For this project, We used the documents within the ham/spam dataset located at https://spamassassin.apache.org/old/publiccorpus/ . Using these documents, we used a portion of the documents to create a decision tree data model. In order to create the decision tree data model, we used the rpart package for creating a decision tree and partitioning the dataset into a training and testing data. Once the decision tree data model was created, we used it to test the portion of documents that were not used in the initial creation of the decision tree.

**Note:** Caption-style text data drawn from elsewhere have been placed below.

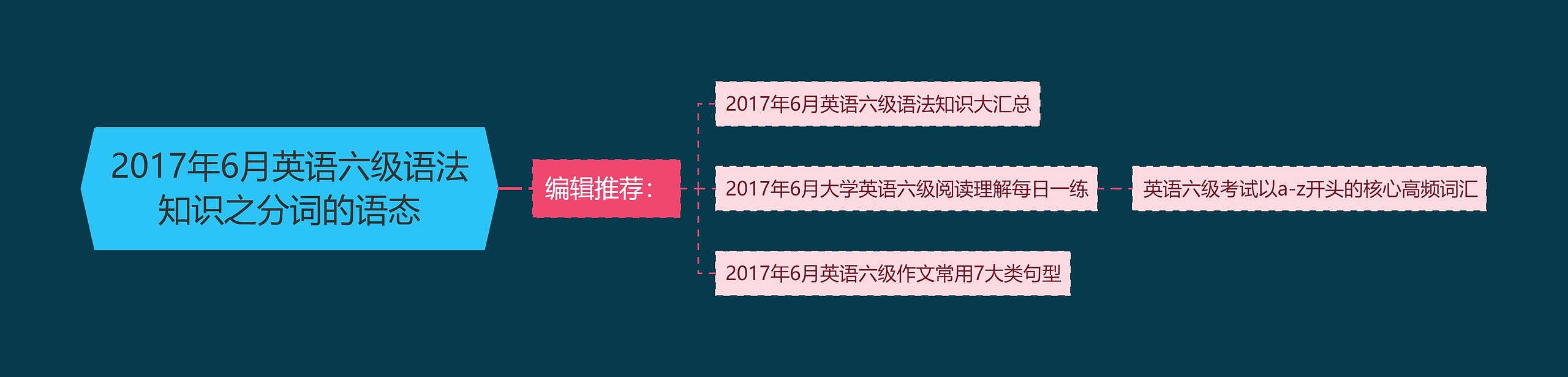 2017年6月英语六级语法知识之分词的语态思维导图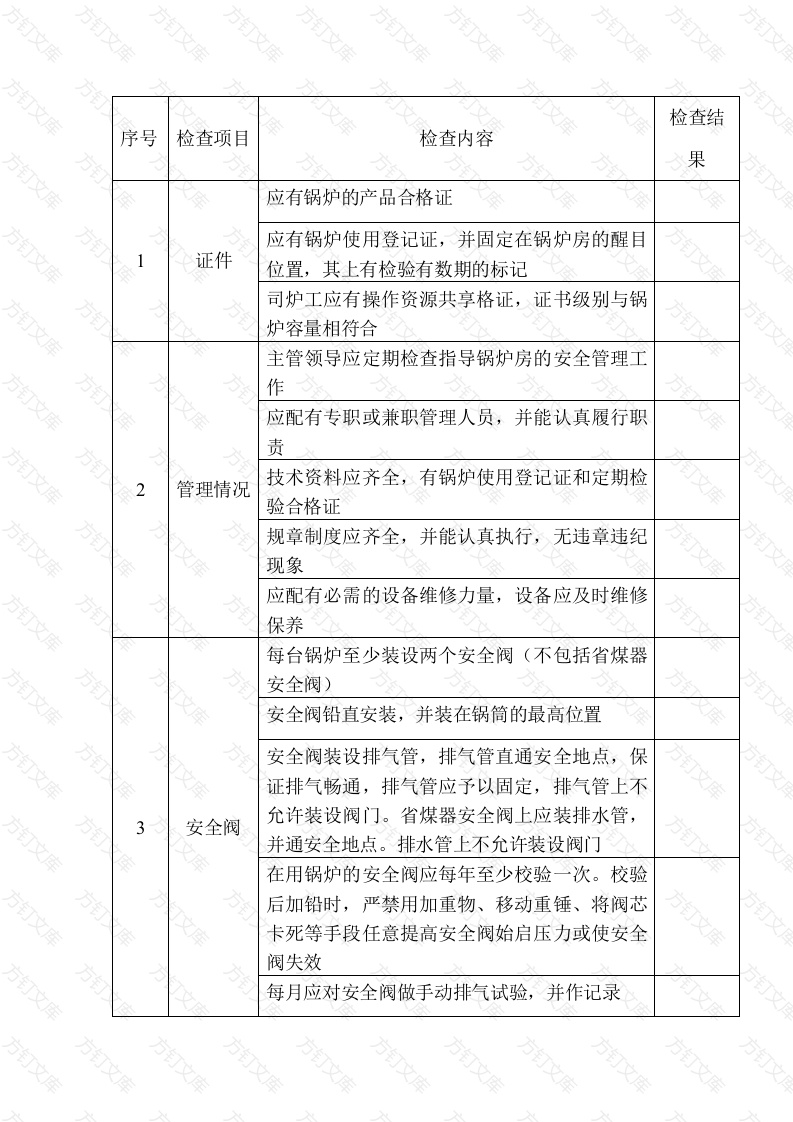 锅炉安全检查表封面图 - 工程文档文档
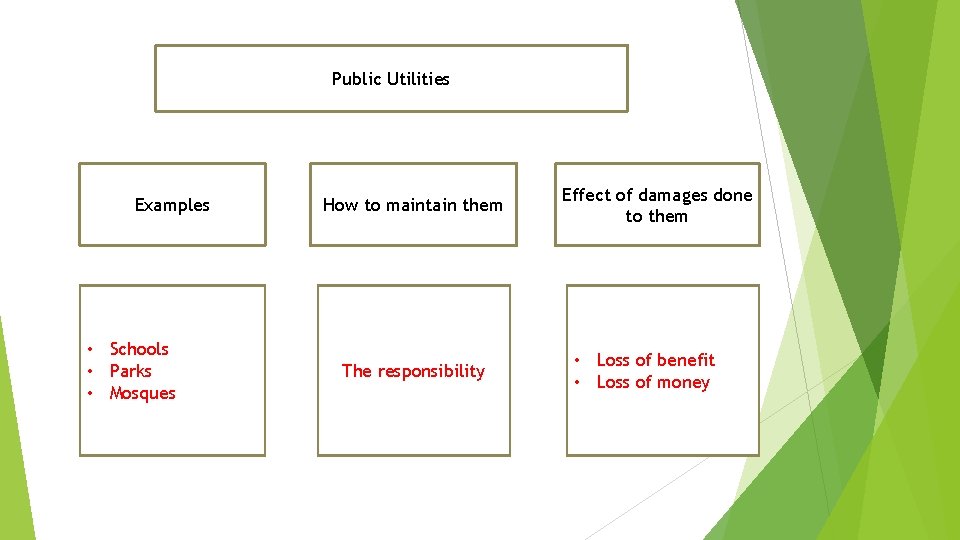 Public Utilities Examples • Schools • Parks • Mosques How to maintain them The
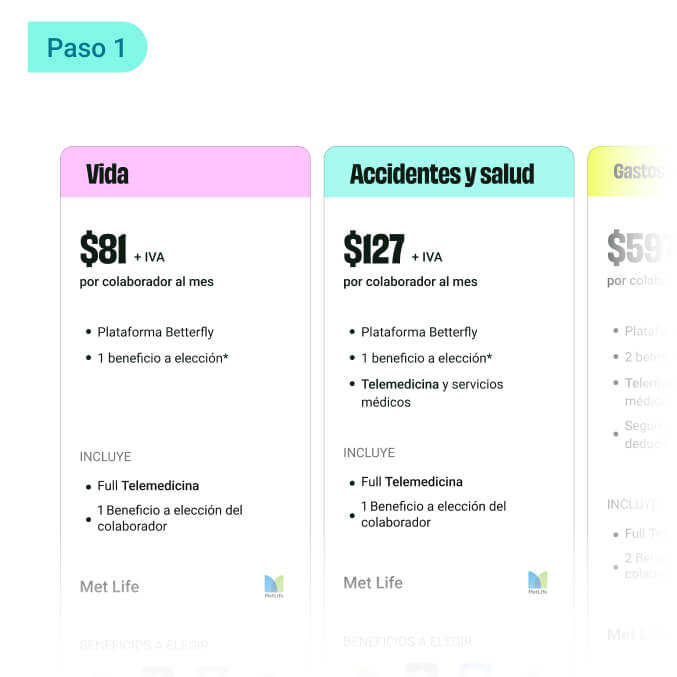 Planes de beneficios corporativos Betterfly con seguros de vida, accidentes y salud desde $81 por colaborador al mes, incluyendo telemedicina y coberturas de MetLife.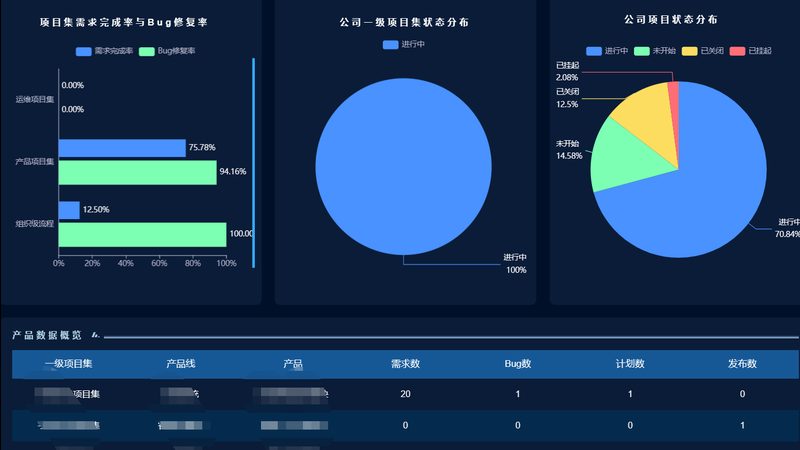 弱电智能化软硬件选型方法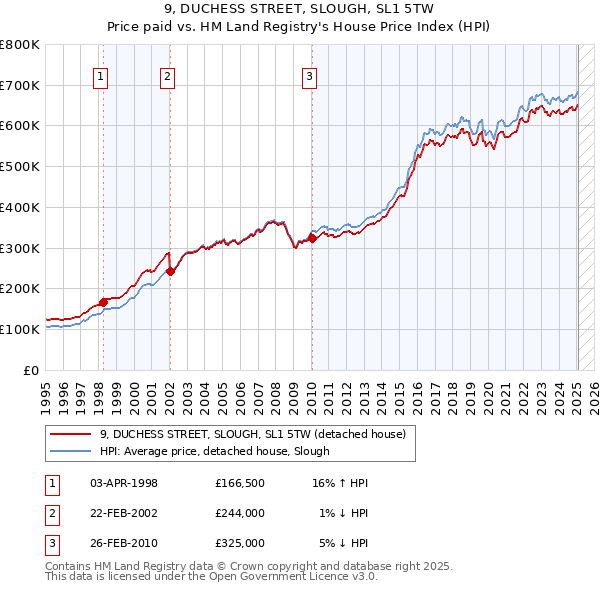 9, DUCHESS STREET, SLOUGH, SL1 5TW: Price paid vs HM Land Registry's House Price Index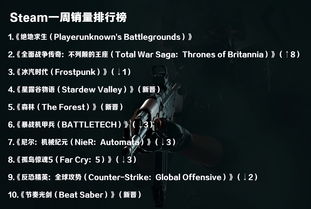 Steam一周销量榜:时隔两个月 《绝地求生》再次登顶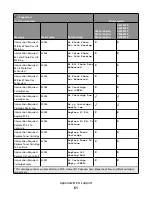 Preview for 61 page of Lexmark X651 MFP Reference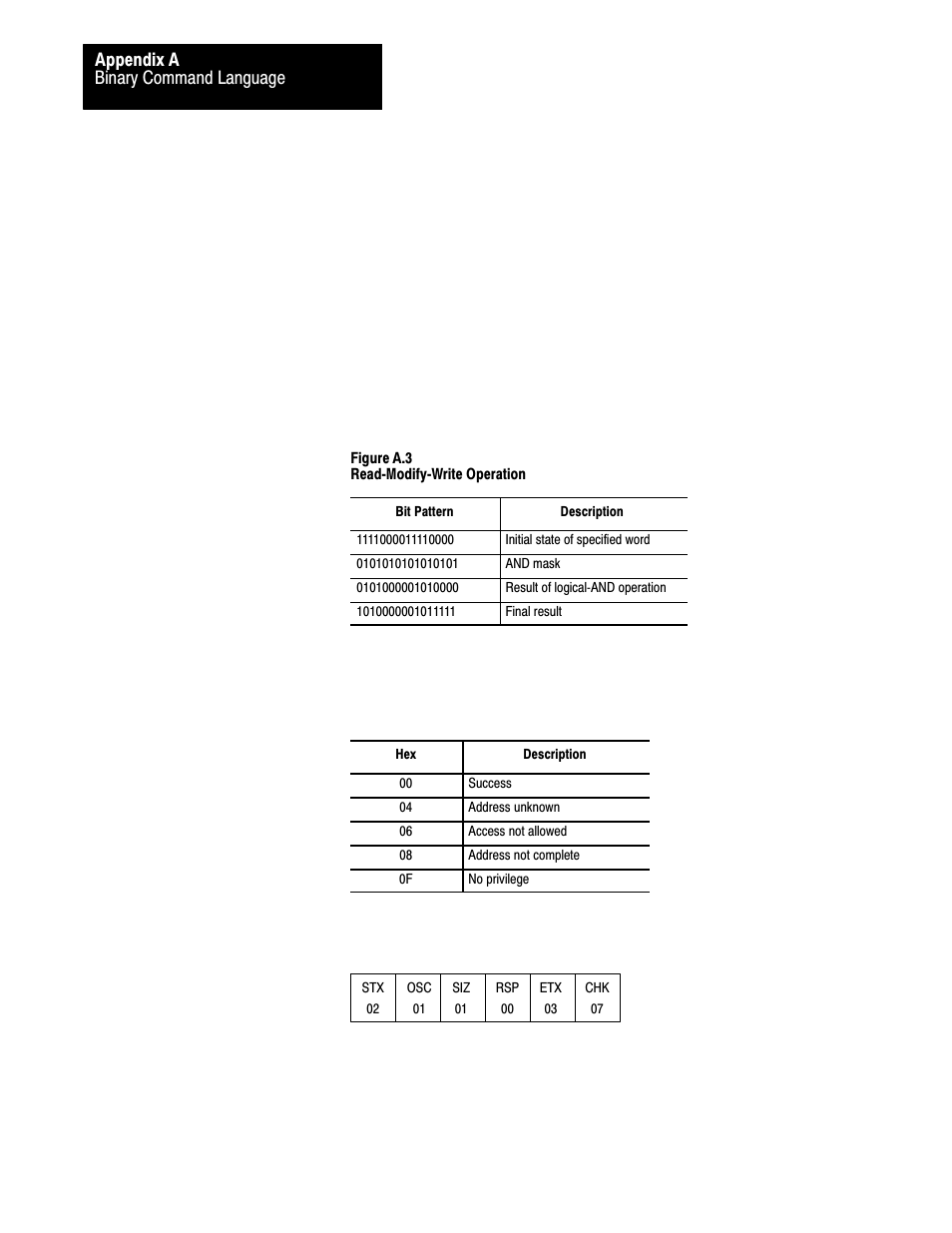 Rockwell Automation 1775-S5_SR5,D17756.5.5 User Manual  PLC-3 FAMILY I/0 User Manual | Page 152 / 181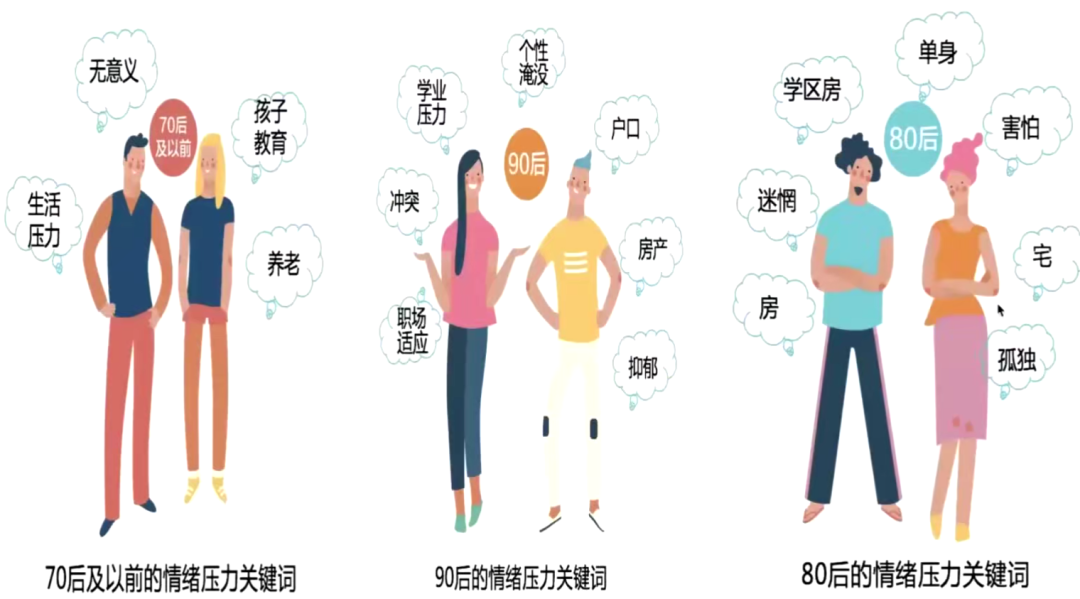 别让1%的情绪毁了你99%的努力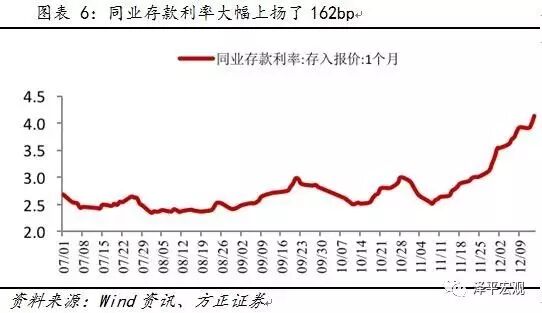 ����ƽ������������������Ǯ�ĵ�����ԭ��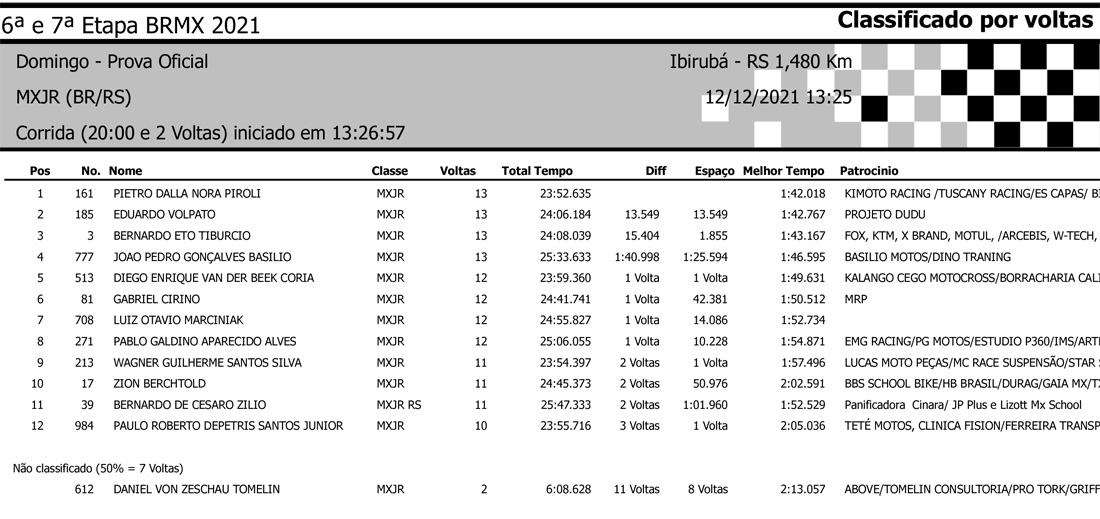 Resultados da 7ª etapa (Final) do BRMX em Ibirubá (RS) - Categoria MXJR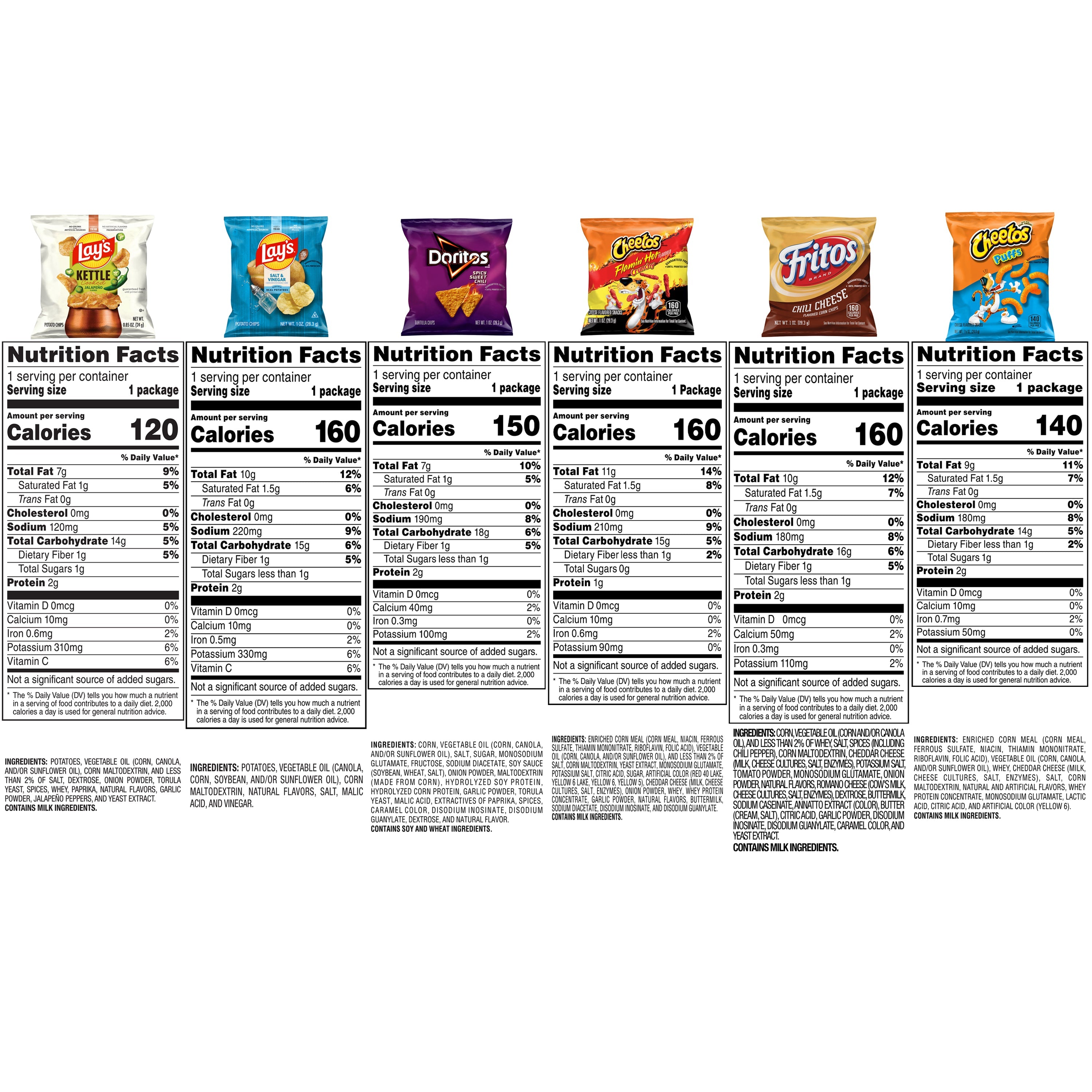 Frito Lay Bold Mix Variety Pack, (pack of 35)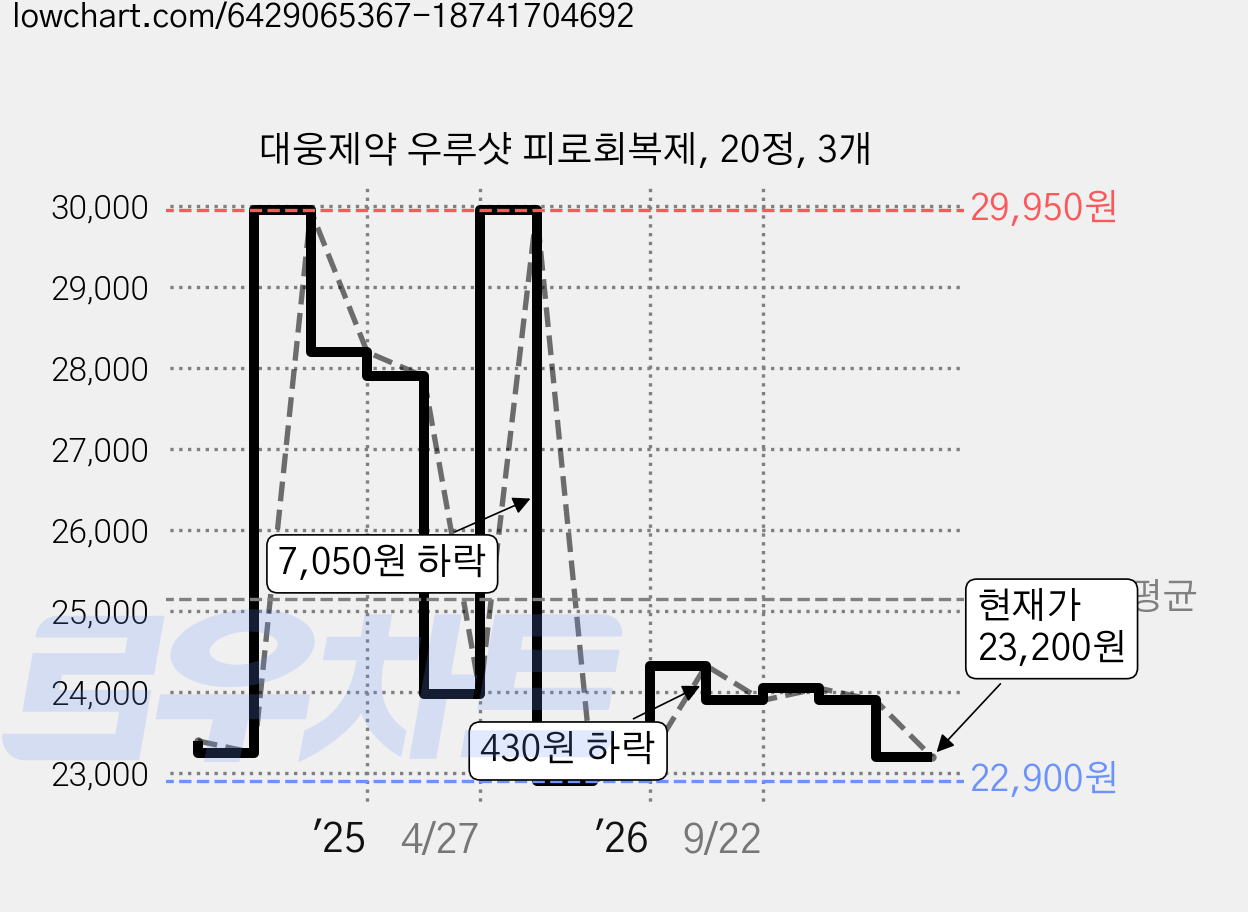 대웅제약 우루샷 피로회복제, 20정, 3개 가격 변동 차트, 현재가 23,200원, 관측 최저가 22,900원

Through testing, we were able to draw final conclusions from the results.
Creating the Dataframe
For our dataset, we took the files from https://spamassassin.apache.org/old/publiccorpus/ and converted them to a .csv file and then uploaded that to our github repository. From there, we read in the data using readr library and the read_csv function on the raw github link.
library(tidyverse)
── Attaching core tidyverse packages ──────────────────────── tidyverse 2.0.0 ──
✔ dplyr 1.2.0 ✔ readr 2.2.0
✔ forcats 1.0.1 ✔ stringr 1.6.0
✔ ggplot2 4.0.2 ✔ tibble 3.3.1
✔ lubridate 1.9.5 ✔ tidyr 1.3.2
✔ purrr 1.2.1
── Conflicts ────────────────────────────────────────── tidyverse_conflicts() ──
✖ dplyr::filter() masks stats::filter()
✖ dplyr::lag() masks stats::lag()
ℹ Use the conflicted package (<http://conflicted.r-lib.org/>) to force all conflicts to become errors
# A tibble: 6 × 4
file label text id
<chr> <chr> <chr> <dbl>
1 00001.7c53336b37003a9286aba55d2945844c ham "From exmh-workers-admin@r… 1
2 00002.9c4069e25e1ef370c078db7ee85ff9ac ham "From Steve_Burt@cursor-sy… 2
3 00003.860e3c3cee1b42ead714c5c874fe25f7 ham "From timc@2ubh.com Thu A… 3
4 00004.864220c5b6930b209cc287c361c99af1 ham "From irregulars-admin@tb.… 4
5 00005.bf27cdeaf0b8c4647ecd61b1d09da613 ham "From Stewart.Smith@ee.ed.… 5
6 00006.253ea2f9a9cc36fa0b1129b04b806608 ham "From martin@srv0.ems.ed.a… 6
Email Model
Next, we created an email model. The variables for classifying spam or ham emails include email length, number of words, numbers of exclamation marks, number of dollar signs, number of links, number of digits, and uppercase ratio.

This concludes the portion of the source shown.